A Ceres mother on Monday pleaded no contest to voluntary manslaughter and was sentenced to more than four years in prison in the 2010 drowning of her 2-year-old son, who was found dead in the deep end of the family's murky swimming pool.
Florcita Valdez, 36, initially was charged with murder in the death of her son, Aureliano Joel Valdez, along with three counts of child endangerment. The victims listed in the criminal complaint were Aureliano, Valdez's 15-year-old daughter and 9-year-old son.
The defendant agreed to a plea deal that resulted in a sentence of four years four months in prison. Along with the manslaughter charge, Valdez pleaded no contest to one count of child endangerment for not providing adequate care to her 9-year-old son when the drowning occurred.
The rest of the charges were dropped as part of the plea agreement with the prosecution. Deputy District Attorney Marlisa Ferreira told the judge that under the circumstances, this was the best agreement.
Never miss a local story.
Stanislaus County Superior Court Judge Linda McFadden told the defendant she will have to serve 85 percent of her sentence.
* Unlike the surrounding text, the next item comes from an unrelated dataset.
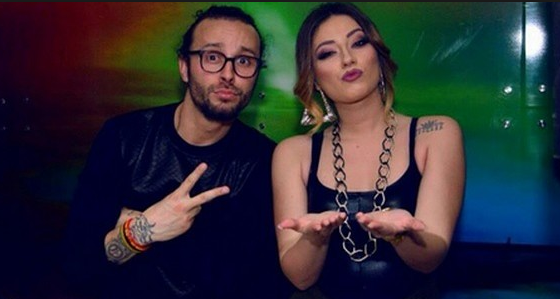 VIDEO/Eshtë ndarë me Ronelën? Zerka i paqartë në intervistat e fundit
She has served about a year of that time in county jail.
Valdez was taken into custody and criminally charged Feb. 9, 19 months after the drowning occurred July 18, 2010. The prosecutor told the judge that Valdez's children are in the care of her father.
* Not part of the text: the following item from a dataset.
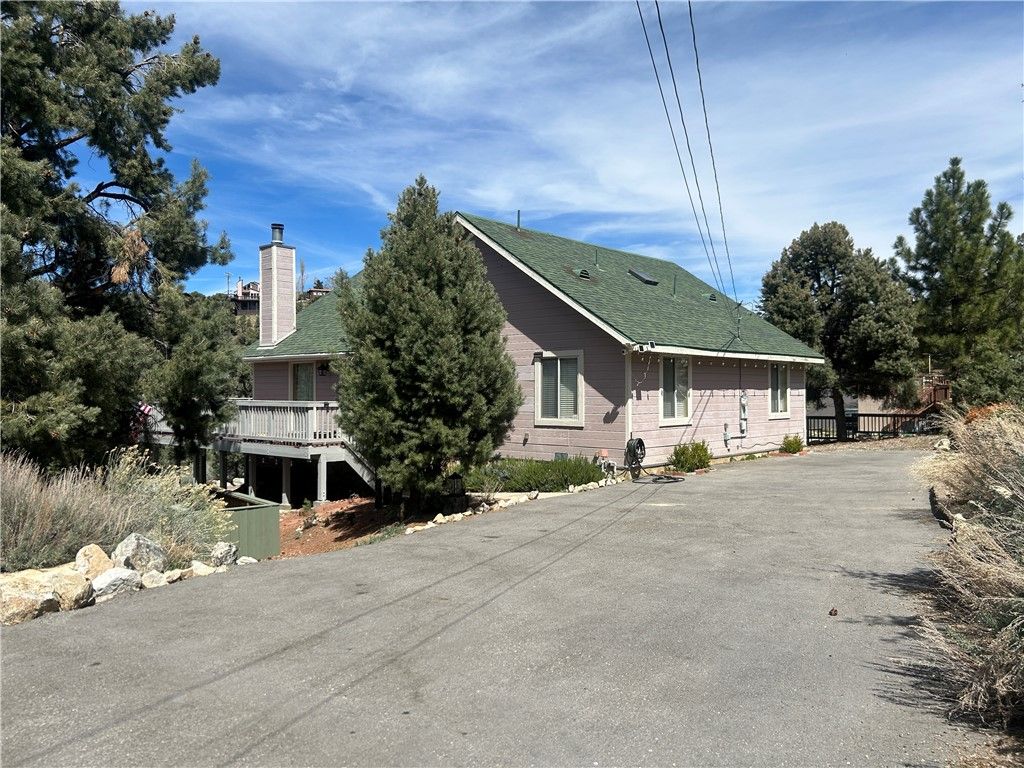 15425 Live Oak, Pine Mtn Club, CA 93222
Ceres police have said there was a fence around the pool, but the gate leading to the pool area was open when officers arrived at the home on Larson Lane in Ceres, minutes after Valdez reported her son missing. Algae in the water allowed little visibility.
Had the case reached a preliminary hearing or a trial, the prosecutor told the judge Monday that the evidence would have shown that Valdez knowingly left Aureliano in the care of his teenage sister, who has a mental disability. Ferreira said Valdez's decision knowingly put Aureliano's life at risk and ultimately caused his death.
Moment to say goodbye
Valdez used tissues to wipe away tears during the hearing, which lasted about 20 minutes. Her father and her son sat in the courtroom audience. They declined to comment.
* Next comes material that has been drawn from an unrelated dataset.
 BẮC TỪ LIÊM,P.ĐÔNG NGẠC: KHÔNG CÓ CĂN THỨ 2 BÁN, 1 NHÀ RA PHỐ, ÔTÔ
As the judge ordered the defendant to be transferred to state corrections officials, Valdez asked the judge, "Can I say goodbye to my son?" The bailiffs allowed Valdez, wearing red inmate clothing and shackles, to momentarily face the courtroom audience.
Valdez said, "I love you, son. I love you, Dad," as the bailiffs ushered her out of the courtroom.
In a bail review hearing in April, Ferreira argued in court that Valdez's relatives reported to Ceres police that the mother was neglecting her children, allowing her two boys to roam the streets alone. She said Child Protective Services had contacted Valdez nine times because the home was filthy and the neglect was "putting her children at great risks."
After numerous warnings, Valdez left Aureliano under the supervision of her daughter the evening he drowned, the prosecutor told the judge.
At the April hearing, defense attorney Stephen Foley argued that Valdez's daughter had sneaked into the pool area with neighborhood kids, without her mother's knowledge, and left the gate open. He characterized the child's death as an accident.